Be it Cincinnati, Chicago, New York City or Greenfield, we are not defined by our liabilities, our baser elements. We are defined by our greatest assets, our people. The average person in Greenfield is a good, honest, willing to work, willing to pay taxes, willing to be a little league coach or a Boy Scout leader kind of person.
It’s easy to lose sight of this if one gives too much attention to the nay-sayers or the headlines. But, as often happens in our town, just when you think we’ve fallen off a cliff an individual or group comes along, makes something wonderful happen, and restores my faith in the goodness of our people.
Jennifer Lowe, in the past year, has taken on several projects including spiffing up Imagination Kingdom playground and organizing the Light Up City Hall project. Ron Dudley has been very active in village clean up drives, community walks and yard sales, and restoration of our once tree-lined streets. The several people who serve on 3G have worked hard to stage such events as Oktoberfest and Blues Brews & Stews. 3G spends its earnings on furthering community improvements and planning new activities for the continued enrichment of life in Greenfield.
Every year, for several decades, the Rotary has sponsored the Greene Country Towne Festival which is the largest community event of every year. It continues to bring thousands of people into the downtown area where they happily rub elbows with old friends and make new ones.
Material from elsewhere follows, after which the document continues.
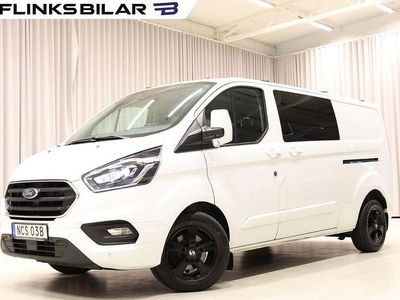 Vit Begagnad 2020 Ford Transit Van | 299 700 kr (Lite dyr)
The proceeds from the festival are pumped right back into operating the Ralph Phillips Recreation Center where many events take place throughout the year.
A couple of times each year the Paint Creek Fire District breaks out the screen house and fryers to continue a decades long tradition of frying up fish for all to enjoy. And come Super Bowl Sunday we know the Mother’s Club will be serving up sub sandwiches.
The Greenfield Historical Society may be one of the most active in the state. They maintain a number of historical museum properties, they archive and catalog thousands artifacts, they’ve published at least two volumes of community history, organized an area wide barn quilt project, and each year they sponsor such events as a Formal Tea, Sunday dinners at the Grain and Hay, History Day, Ghost Walk, Cemetery Walk, and Christmas Tour of Homes
The list of things our people do to make for a better life in Greenfield is almost endless and includes such things as all the little league sports activities, the annual Darrel Unger fishing derby, Halloween and Christmas parades, the annual duck race, the holiday craft show, Breakfast with Santa, and much more than what readily comes to mind.
All the people who help organize and stage these activities and events and all the many more who show up and take part are, without doubt, what defines our small piece of real estate.
So the next time someone proclaims Greenfield a deadzone or the next time you pick up the paper and the front page is splattered with news of police pursuits, meth house discoveries, Grand Jury indictments, etc., just remember that those things are but a small percentage of what happens during our days. In spite of the front page good will always far outweigh the bad.